Wenn die betroffene Person jedoch mit der Situation überfordert ist, d.h. sie kann nicht mit Gewissheit sagen, dass es sich um eine Langeweile handelt, führt dieses häufig dazu, dass sich die Person stark zurückzieht und versucht, gegen das Gefühl anzukämpfen. Dieses kann zum Beispiel durch das Ignorieren der Langeweile erfolgen, indem eine Tätigkeit einfach stur fortgesetzt wird, obwohl der Betroffene keine Lust dazu hat.
In beiden Fällen löst sich die Langeweile meistens mit dem Abschluss des Gedankenprozesses auf, was diese eigentlich als nächstes tun möchten. Seltener wird die Langeweile von vornehinein als willkommene Abwechslung etwa zur Entspannung oder als Quelle von Lebensenergie und Elan genutzt. Diese Umkehrung des ersten Eindrucks kann jedoch nur geschehen, wenn sich der Betroffene dessen bewusst ist, dass die Langeweile ihn eigentlich dazu anhält, etwas zu tun und er ihr so einen Sinn zuschreiben kann.
Dieser Umgang zeigt sich häufig in der literarischen und philosophischen Auseinandersetzung mit der Langeweile (Siehe Abschnitt weiter unten). Diese Erkenntnis erschließt sich meistens dann, wenn ein Betroffener in einer Langeweile den Entschluss fasst, das, was er während der Langeweile durchdacht hat, zu verbessern bzw. umzusetzen und die Langeweile löst sich dann mit der Idee, was man ändern oder tun müsse, um seine Situation zu verbessern und dem Entschluss dazu, dieses umzusetzen, auf.
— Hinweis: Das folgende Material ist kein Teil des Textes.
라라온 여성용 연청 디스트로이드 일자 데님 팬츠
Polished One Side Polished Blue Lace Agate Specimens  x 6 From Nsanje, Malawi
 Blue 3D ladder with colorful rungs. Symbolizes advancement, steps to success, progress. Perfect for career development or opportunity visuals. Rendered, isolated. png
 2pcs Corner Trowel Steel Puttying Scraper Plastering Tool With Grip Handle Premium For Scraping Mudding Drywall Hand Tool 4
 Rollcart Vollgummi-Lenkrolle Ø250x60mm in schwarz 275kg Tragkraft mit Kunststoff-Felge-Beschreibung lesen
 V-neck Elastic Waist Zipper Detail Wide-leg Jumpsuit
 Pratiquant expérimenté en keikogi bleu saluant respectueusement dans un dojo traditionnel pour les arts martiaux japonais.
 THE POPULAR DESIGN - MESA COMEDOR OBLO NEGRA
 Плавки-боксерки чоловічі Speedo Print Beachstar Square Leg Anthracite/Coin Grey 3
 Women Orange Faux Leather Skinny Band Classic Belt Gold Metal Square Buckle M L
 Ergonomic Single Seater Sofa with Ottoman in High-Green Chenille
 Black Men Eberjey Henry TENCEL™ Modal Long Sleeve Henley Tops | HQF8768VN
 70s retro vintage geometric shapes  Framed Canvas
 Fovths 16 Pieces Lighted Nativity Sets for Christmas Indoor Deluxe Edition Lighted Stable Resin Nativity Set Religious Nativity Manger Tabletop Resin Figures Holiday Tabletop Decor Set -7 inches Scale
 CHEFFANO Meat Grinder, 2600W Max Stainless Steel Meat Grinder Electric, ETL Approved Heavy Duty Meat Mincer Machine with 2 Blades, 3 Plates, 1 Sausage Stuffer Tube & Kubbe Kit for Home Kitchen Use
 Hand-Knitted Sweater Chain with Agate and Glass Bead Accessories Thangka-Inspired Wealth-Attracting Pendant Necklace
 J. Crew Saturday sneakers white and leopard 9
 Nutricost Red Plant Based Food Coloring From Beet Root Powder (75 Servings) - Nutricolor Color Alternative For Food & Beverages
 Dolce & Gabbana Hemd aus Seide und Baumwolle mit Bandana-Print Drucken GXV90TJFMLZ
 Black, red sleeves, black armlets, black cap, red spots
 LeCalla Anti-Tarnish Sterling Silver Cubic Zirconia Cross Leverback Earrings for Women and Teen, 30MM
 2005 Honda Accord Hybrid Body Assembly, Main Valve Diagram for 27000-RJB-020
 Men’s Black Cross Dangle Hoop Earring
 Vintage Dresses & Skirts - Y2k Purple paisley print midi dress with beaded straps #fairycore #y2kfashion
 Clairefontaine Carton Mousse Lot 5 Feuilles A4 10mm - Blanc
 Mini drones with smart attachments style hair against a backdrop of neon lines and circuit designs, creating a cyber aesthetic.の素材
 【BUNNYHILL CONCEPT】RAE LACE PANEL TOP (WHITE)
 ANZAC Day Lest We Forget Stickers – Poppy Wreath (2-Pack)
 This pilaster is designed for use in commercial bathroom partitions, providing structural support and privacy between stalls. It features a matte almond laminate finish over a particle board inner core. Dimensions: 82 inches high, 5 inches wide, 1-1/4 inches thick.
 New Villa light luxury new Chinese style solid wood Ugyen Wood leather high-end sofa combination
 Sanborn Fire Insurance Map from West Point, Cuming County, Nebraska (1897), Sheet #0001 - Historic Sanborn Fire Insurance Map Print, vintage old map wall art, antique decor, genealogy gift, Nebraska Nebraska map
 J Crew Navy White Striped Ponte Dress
Die drei wesentlichsten Methoden, mit Langeweile umzugehen, sind somit
- das aktive Beenden durch eine Handlung,
- das Überbrücken der Langeweile und
- das Positivieren und Nutzen einer Langeweile,
wobei sich alle drei Methoden häufig miteinander vermischen und ihnen allen eine intensive, wenn auch oft nicht unmittelbar erkennbare (1 und 2), Reflexion zu Grunde liegt.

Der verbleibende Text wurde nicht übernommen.